Reinforcement Learning with Verifiable Reward (RLVR), popularized by methods like DeepSeek’s GRPO, has changed how we optimize reasoning models. Instead of a complex critic, we simply verify the final answer and let the model figure out the rest.

Recent research (Wang et al., 2025) suggests a “80/20 rule”: that reasoning is driven almost entirely by a minority of “Forking Tokens”—moments of high entropy (uncertainty) where the model chooses a path. The implication? Low-entropy tokens are just structural fluff.

We challenge this assumption.

We investigated whether low-entropy (confident) tokens are actually “safe,” or if they harbor hidden failures.

The “Silent Error” Conjecture

If a model is uncertain (High Entropy), it’s exploring.
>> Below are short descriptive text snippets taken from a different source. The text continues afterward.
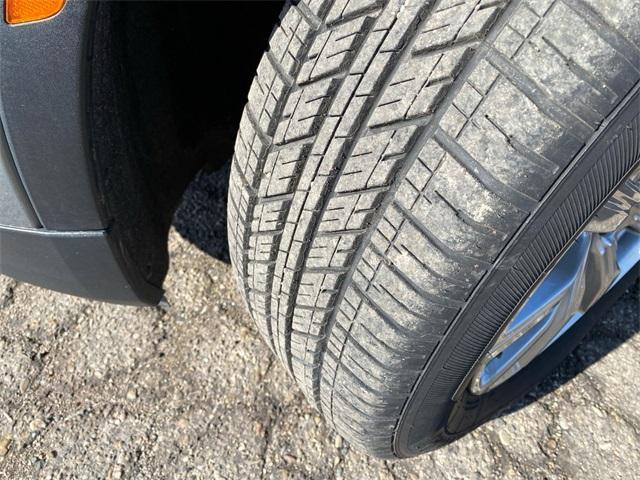 used 2023 Cadillac XT4 car, priced at $24,250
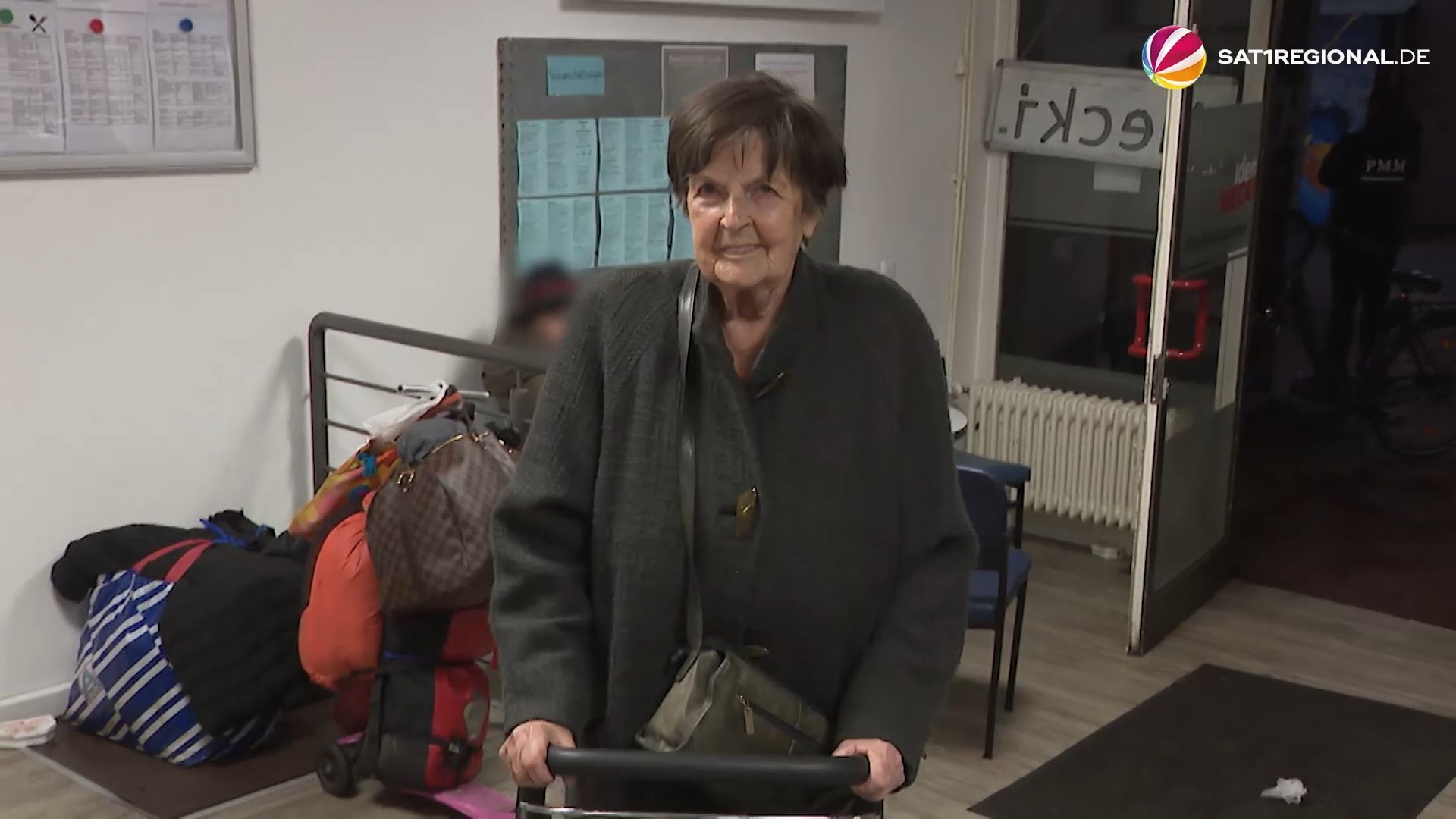 Video: Bundesverdienstkreuz: 98-jährige Hannoveranerin für Engagement für Obdachlose geehrt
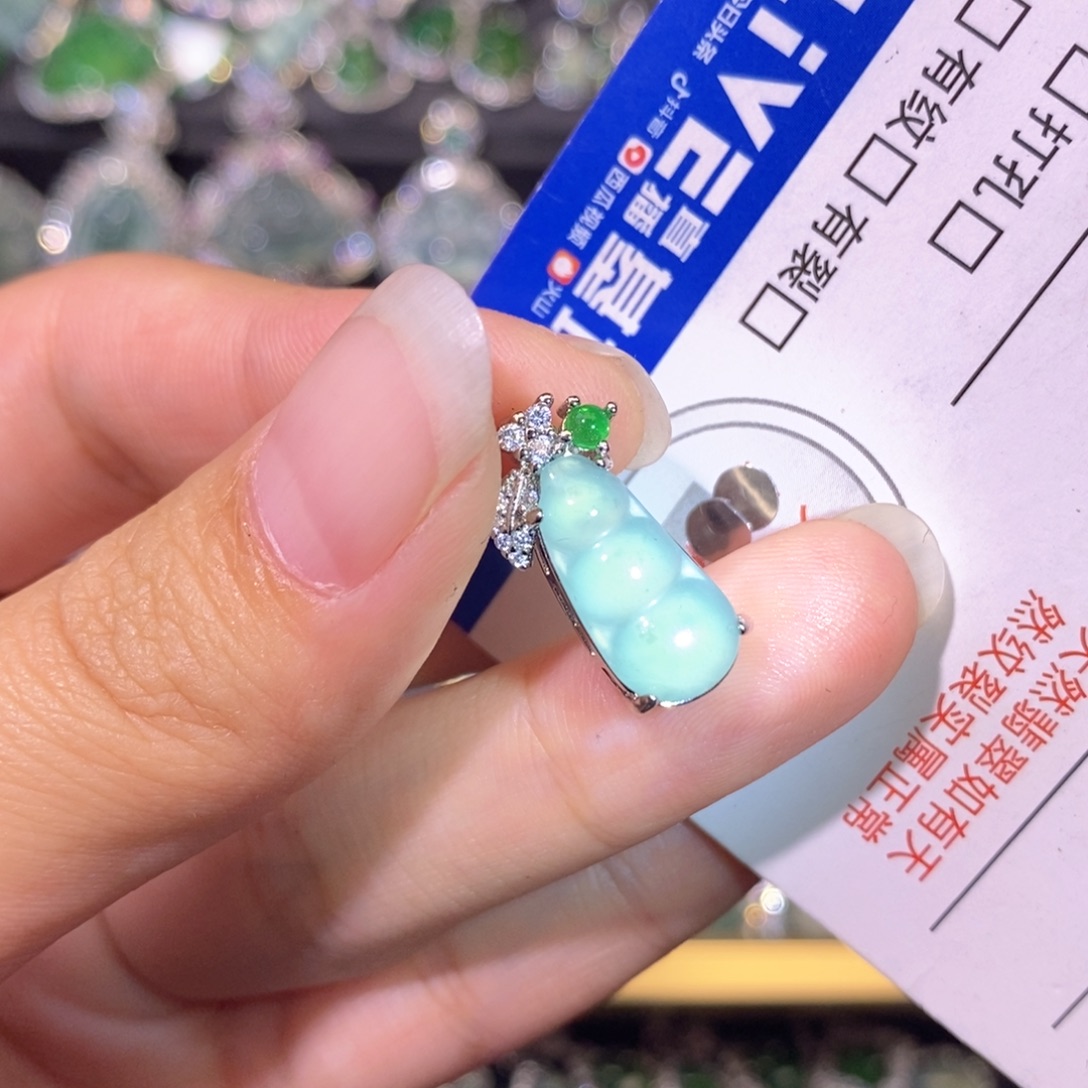 翡翠未镶嵌颈饰天然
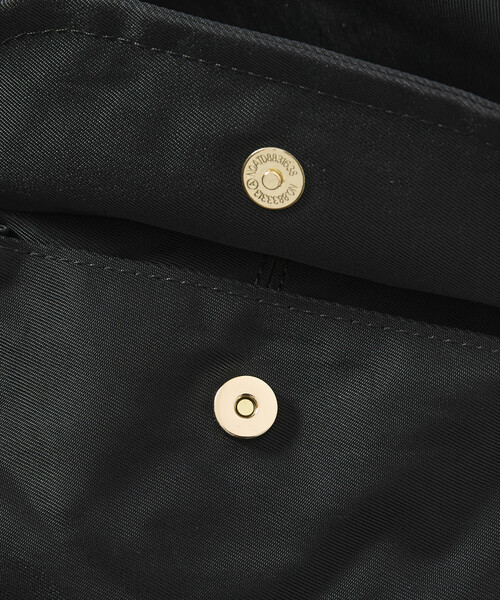 Firsthand(ファーストハンド)の「Firsthand/ファーストハンド ムスビ ビッグショルダートート バッグ【限定展開】(ショルダーバッグ・レディース・ブルー/ブラック/ベージュ・ONE SIZE)」の16枚目の写真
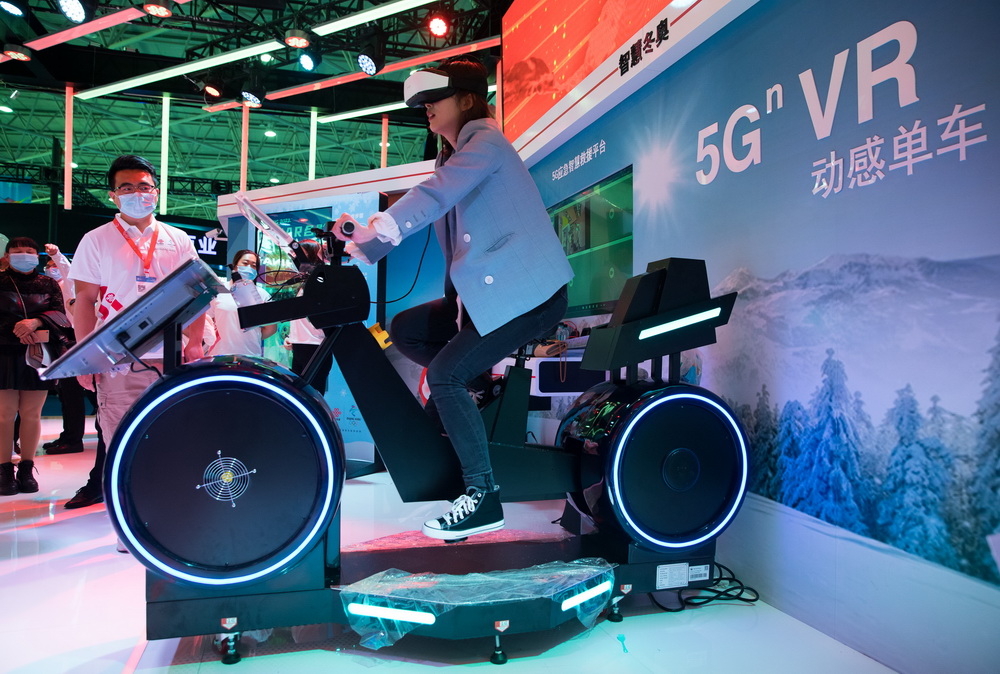 5月27日，在2021中國國際大數據產業博覽會展館，觀眾在體驗5G虛擬現實動感單車。新華社記者 金立旺 攝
But what happens when the model is highly confident (Low Entropy) but completely wrong?

We hypothesize the existence of Silent Errors: tokens where the student model is sure of itself, but a stronger “teacher” model strongly disagrees.

\text{Silent Error} \iff \text{Low Entropy} \land \text{High Reverse KL Divergence}

These represent “confident hallucinations” or rigid bad habits that standard RLVR might miss because the gradient signal at low entropy is often weak.

Experimental Setup

We set up a distillation environment to test this:

Student: Qwen2.5-3B-Instruct
Teacher: Qwen3-8B (Reasoning Enabled)
Task: MATH500 (Level 5 problems)

We compared the Entropy of the student against the Reverse KL Divergence (disagreement) with the teacher for over 300k tokens.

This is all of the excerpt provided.